A chaque élection, les mêmes thèmes reviennent en boucle. Aujourd'hui, un de ces "marronniers" de la vie politique est la "relocalisation" de l'industrie française, source de mesures supposées la favoriser, au premier rang desquelles la fameuse TVA sociale éreintée ici même il y a peu.

Mais certains candidats imaginent un retour à un protectionnisme bien plus contraignant, qu'il soit européen, voire, pire encore, national. Dans la période économique difficile que nous connaissons, de telles politiques protectionnistes, qu'elles soient revendiquées ou masquées, seraient absolument suicidaires. Voyons pourquoi.

D'où vient la valeur de ce que nous consommons ?

Lorsque vous achetez un jouet, un smartphone, un ordinateur ou un appareil électrique, il y a toutes les chances qu'ils aient été fabriqués en Chine, ou en Asie du sud est. Le politicien démagogue y verra une invasion inacceptable de produits "étrangers".

Toutefois, il y a des chances que la réalité soit beaucoup plus complexe. Ainsi, une grande partie de ces produis aura certes été fabriquée en Chine. Mais avant d'être fabriqués, ces articles auront dû être conçus, puis vendus, ce qui aura supposé de bien caractériser les consommateurs potentiels.

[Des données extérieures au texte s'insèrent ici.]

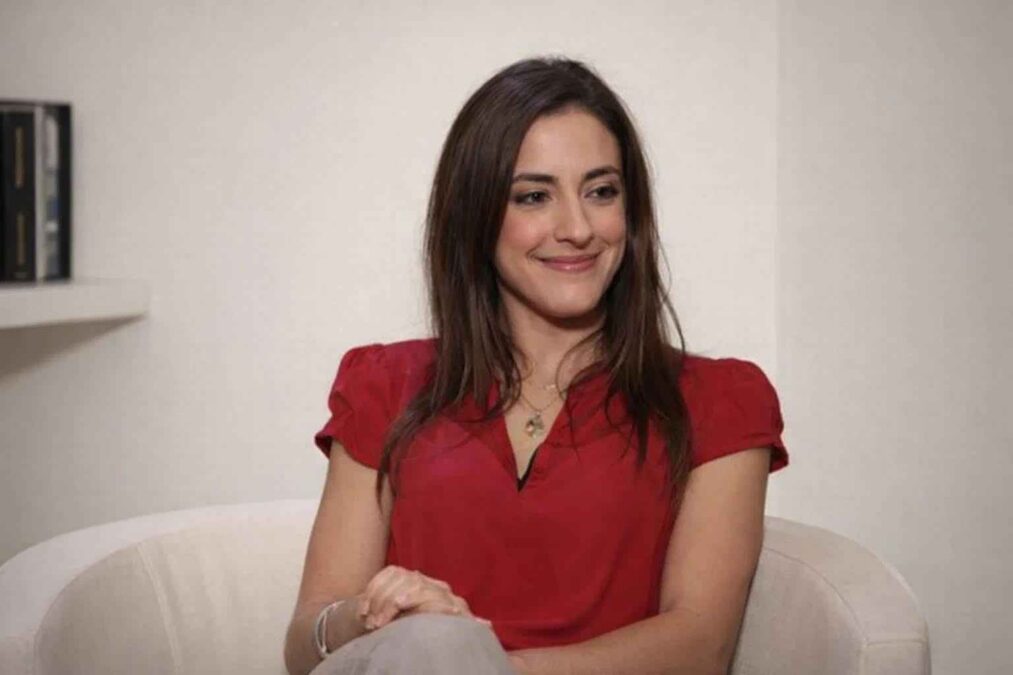 Anna Cabana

Or, lorsque l'on regarde un produit moderne, on constate que sa valeur provient bien plus de l'adéquation aux besoins du consommateur qu'il suscite, ou de la cote d'amour que sa marque recèle, que du seul fait qu'il ait été fabriqué. De surcroît, la capacité de nombreux intermédiaires de nous délivrer ces produits à proximité de chez nous, voire chez nous, au lieu de nous obliger à aller les chercher chez des producteurs du monde entier, ajoute à ces "produits" une valeur immense. Des ordinateurs qui resteraient stockés dans les hangars de lenovo sans la "supply chain" qui permet à ces produits de franchir des milliers de kilomètres, n'auraient que très peu de valeur à nos yeux.

Autrement dit, dans un monde ou des milliers de références se battent pour conquérir le portefeuille de la ménagère comme du yuppie, la capacité d'un produit à se faire connaître, à séduire, à s'adapter au plus près des besoins du consommateur, à lui être livré, avec un service après vente et des prestations annexes de qualité, comptent autant que la fabrication du produit lui même, voire, de plus en plus souvent, beaucoup plus.

La valeur ajoutée est la clé

La Valeur Ajoutée, encore est toujours, est la base de toute l'économie. Quand vous vendez un produit made in China, ou made in Mexico, vous importez certes une valeur ajoutée par la fabrication créée dans ces pays, mais vous encaissez également la valeur ajoutée créée par la conception, le marketing, la distribution du produit, qui peuvent être en partie bien de chez nous. Ou d'ailleurs. Et ces valeurs ajoutées peuvent être infiniment supérieures à celles apportées par la simple fabrication du produit.

Et bien sûr, lorsqu'un méchant industriel américain fait fabriquer en chine un produit vendu au Brésil conçu par une boite de design Française, la France récupère une petite partie de la vente faite au Brésil. Bref, un peu partout, des entreprises de tous les pays récupèrent un peu de la valeur ajoutée de transactions conduites dans le monde entier.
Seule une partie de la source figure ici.